There's a huge blizzard predicted today, and I don't feel ready. Last night, I watched the weather report, and the meteorologist started off his portion by saying, "Now, I don't want to SCARE you, but...." Hmm. That's not a good sign. All of the school districts have canceled their evening activities, and some schools are even releasing kids early from school.
Winds are at 40 mph here right now. Hope my pine trees don't blow over and ruin my beautiful new roof. I made J drive his big truck to work this morning, in case the snow started before he was able to get home from work. He rolled his eyes, but must have decided it wasn't worth the fight and did as I asked. I love that guy.
Now, you can laugh at me here, but now that J is in a big safe truck, and will probably leave work early, what has me most worried is my chickens. I normally wouldn't fret too much, since we've insulated their hen house, and with the light, it stays pretty warm in there. Unfortunately, the hens got in a fight last night. Injured worst was Clover, the white chicken. J was out there putting heat tape on the water dish, and things were great. He went out a half hour later, and she was bleeding pretty badly from her comb, and a spot in back of her wings. She kept shaking her head, so there was droplets of blood on her feathers, making it look much worse.
I checked on them at bedtime, and they all seemed to be getting along again.
This morning, as soon as it was light, I went out again. Clover's comb was scabbed over, but the spot in back was bleeding again, and a new spot towards the front was also looking a bit plucked and bloody. She looked pretty bad. She's never been a friendly bird, and has never let me pick her up. I was able to catch her a bit easier than expected (though she still put up a pretty good fight, which gave me hope).
I'm not sure if this is true or not, but I've been told in commercial chicken farms, they have red lights so that the chickens don't see the red of blood, and that they debeak the chickens so they can't peck each other to death. I've heard that if they see any blood/injury on a chicken, often they will peck at it until they've pecked the poor chicken to death.

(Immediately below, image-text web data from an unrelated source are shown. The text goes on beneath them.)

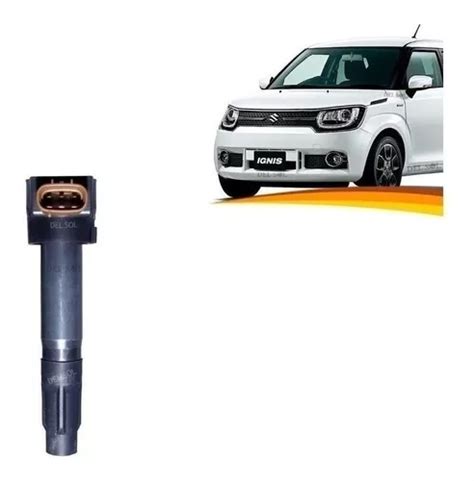 Bobina Encendido Suzuki Ignis Tipo Lapiz Cuotas Sin Inter S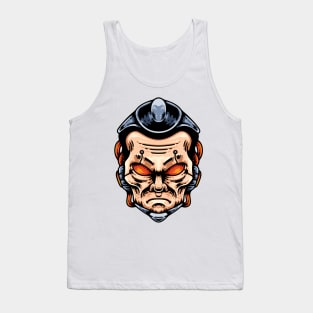 Cyborg Tank Top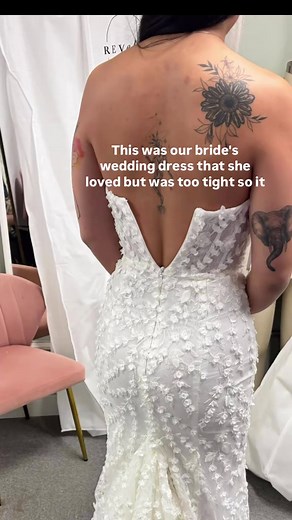 Expert Tips for Perfect Bridal Dress Alterations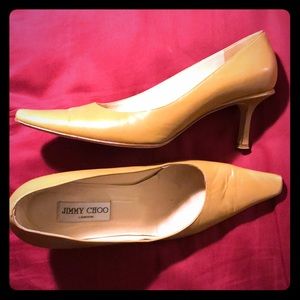 Authentic Jimmy Choo pumps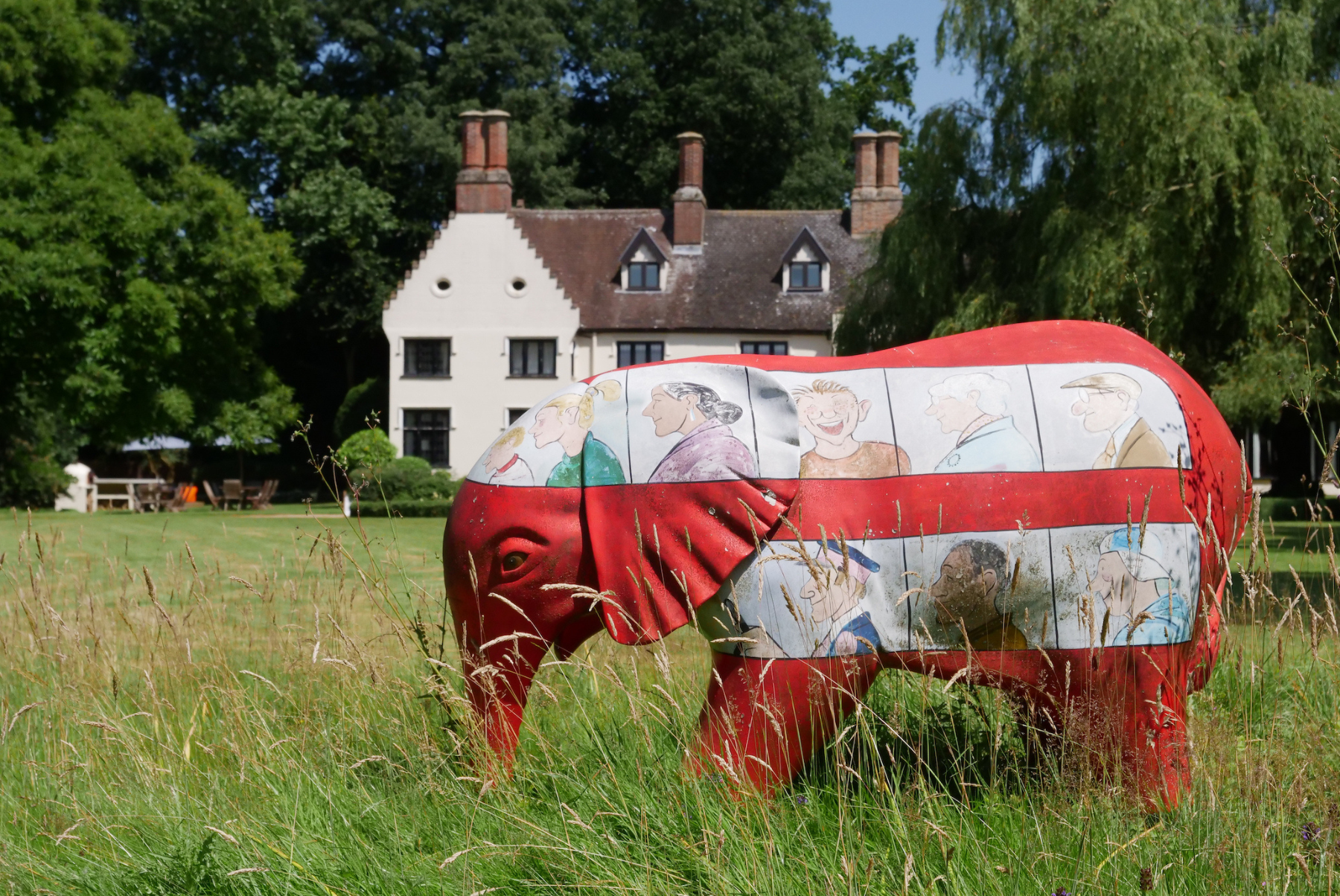 Saxton Manor Gardens 4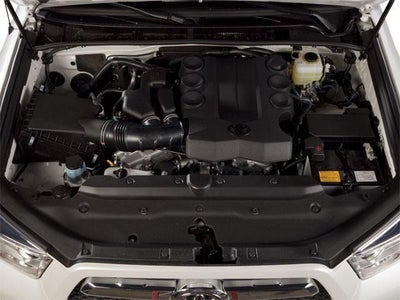 2012 Toyota 4Runner RWD 4dr V6 SR5 (Natl)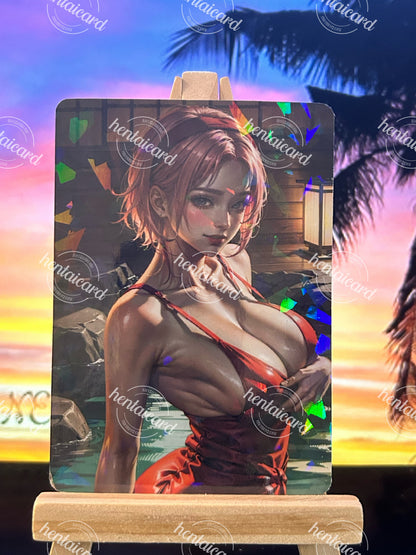 Naruto FOIL Hentai Mature Sexy Card Lot 9（HY-03）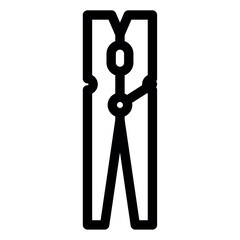 clothespin icon 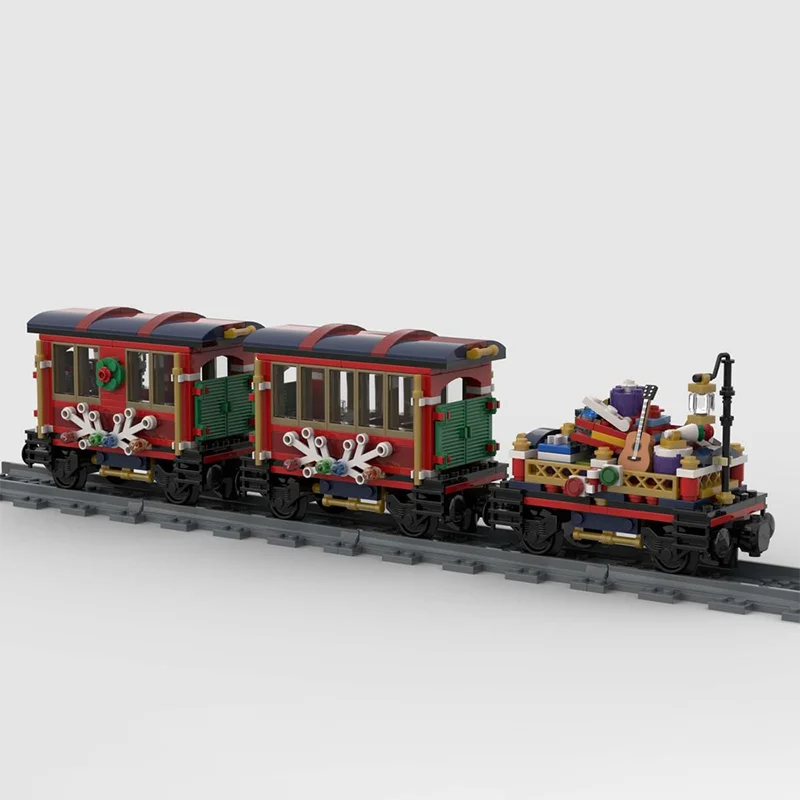 563-pz-moc-carrozze-aggiuntive-stagionali-natalizie-creator-modello-mattoncini-da-costruzione-regalo-giocattolo-educativo-per-bambini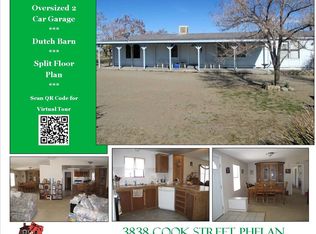 3838 Cook Rd, Phelan, CA 92371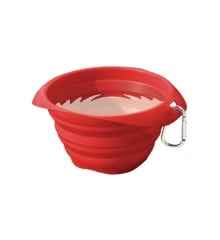 KURGO - Collaps A Bowl, Red - (81314601136)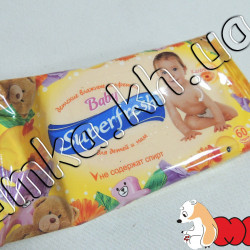 Салфетки влажные (60 шт.)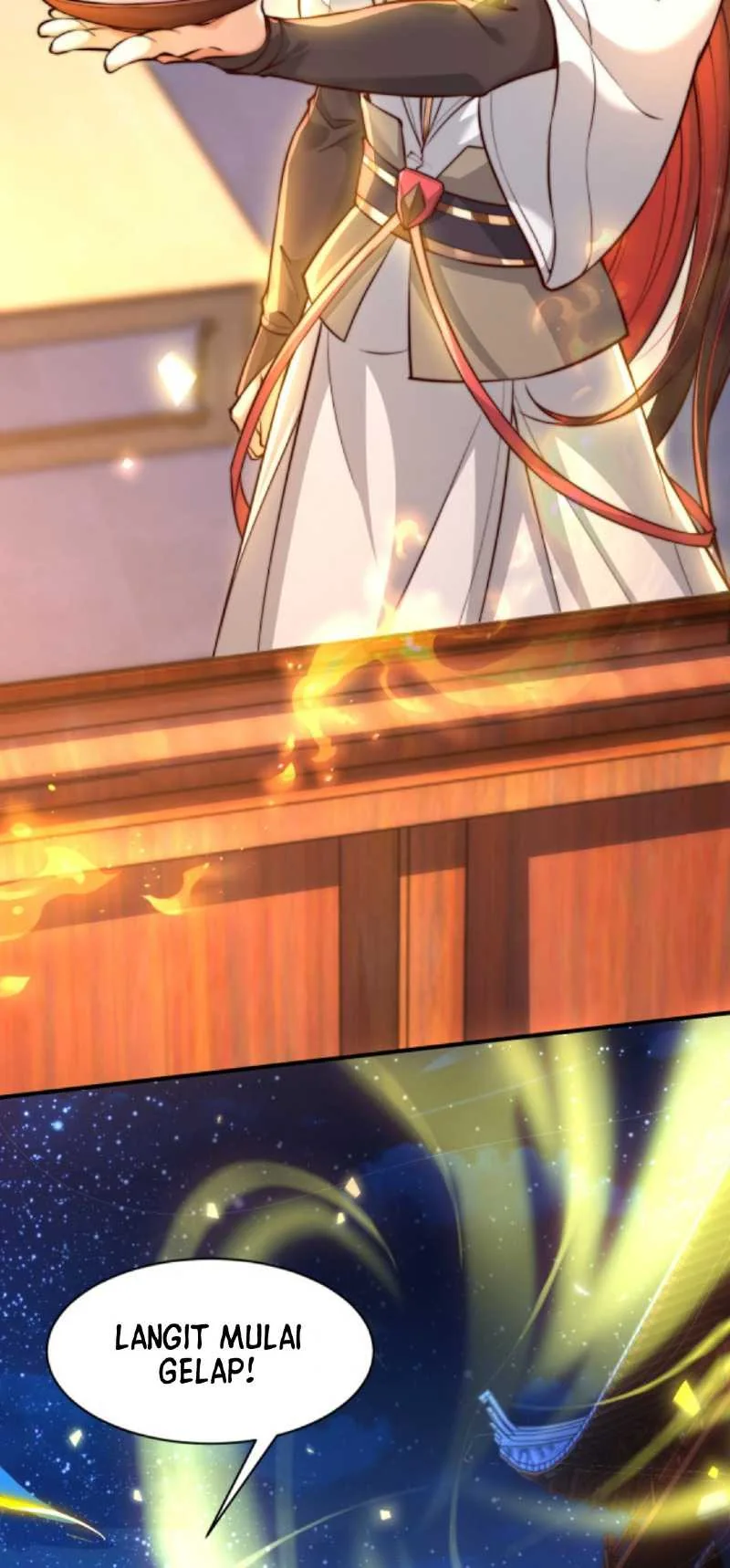 Halaman 29 — Starting With Confessing With the Beautiful Master Chapter 5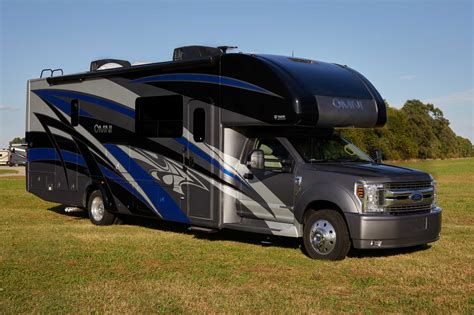 Thor Motor Coach Unveils Exciting New Super C Motorhomes Thor Motor Coach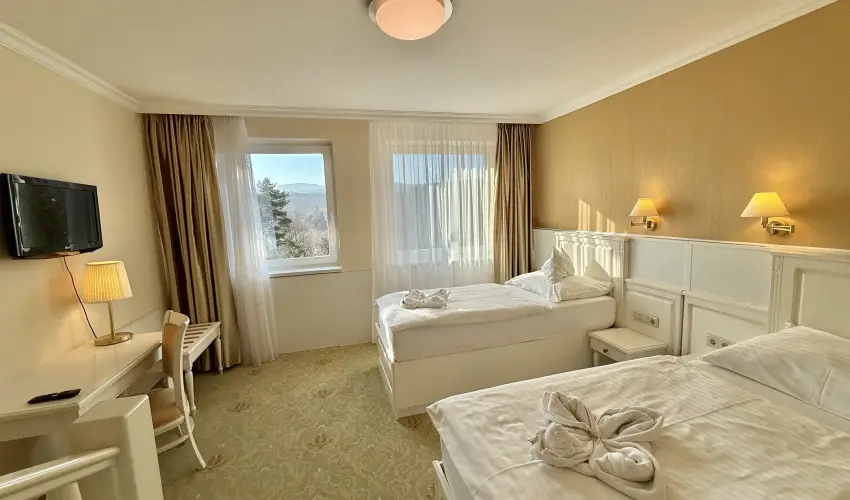 Calimbra Konferencia & Wellness Hotel Miskolctapolca - Szilveszter (min. 3 j)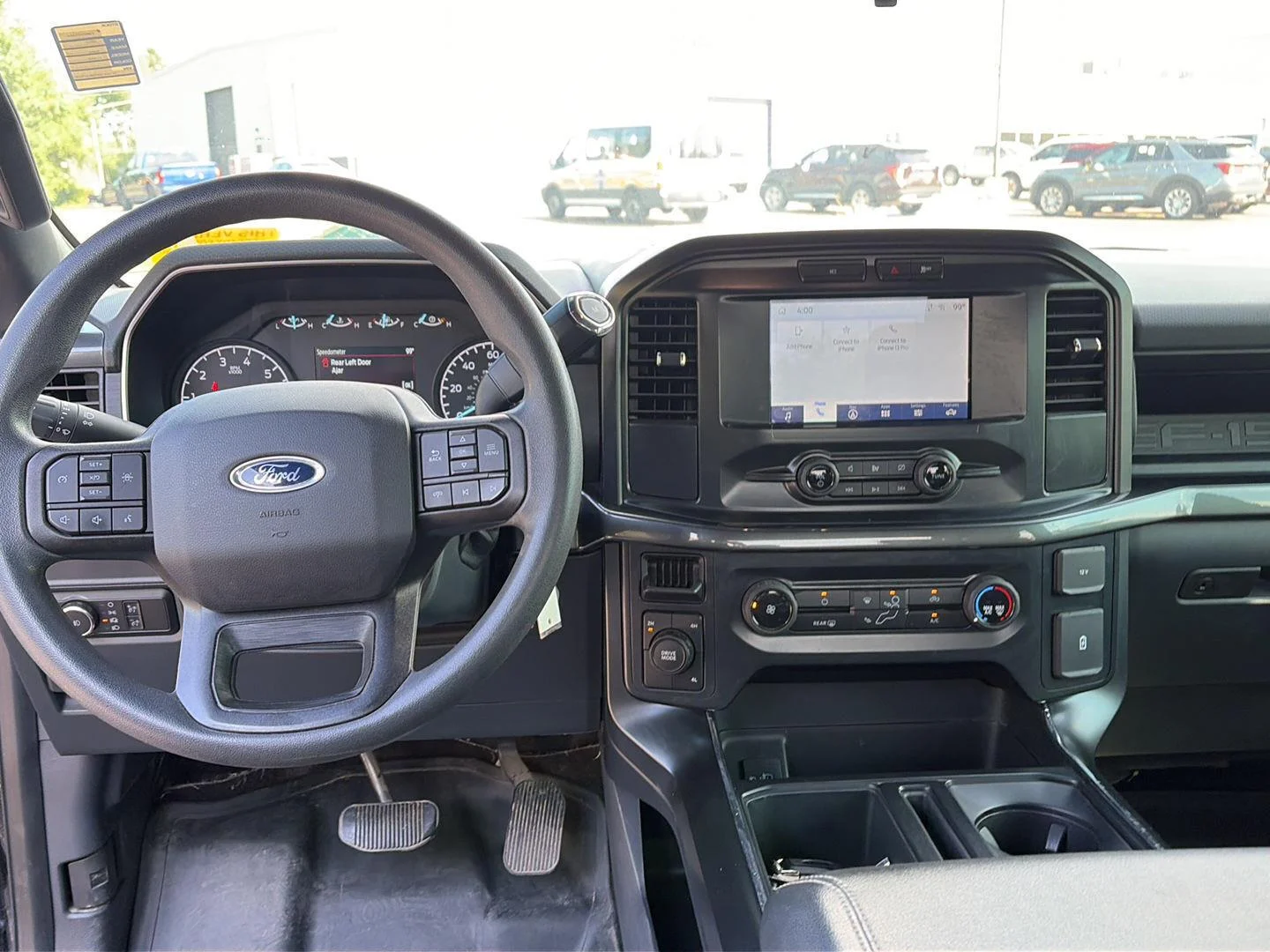 Used 2022 Agate Black Ford  image 2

Just in case this is true, I moved Clover to our small chicken tractor that we originally built for our chickens before chicken math/multiplication took over. However, it hasn't been used since we got rid of the roosters, and I haven't insulated or prepared it for winter at all. This morning, I added a ton of bedding to the box area to help insulate.
Clover was NOT happy to be moved away from her sisters. She did lay a nice, large egg for me today, but stuck on her nest for several hours. She's been out pecking and scratching for a good hour now, so I am hoping she's feeling a bit better.
When J gets home from work, he'll help me move the tractor to our now dormant garden, so she'll be right next to our chicken run. That way, she can see her sisters, but they can't hurt her. We can also run power to her little run and put a light out there to keep her warm and hopefully protect her if this storm turns out to be as big as they say.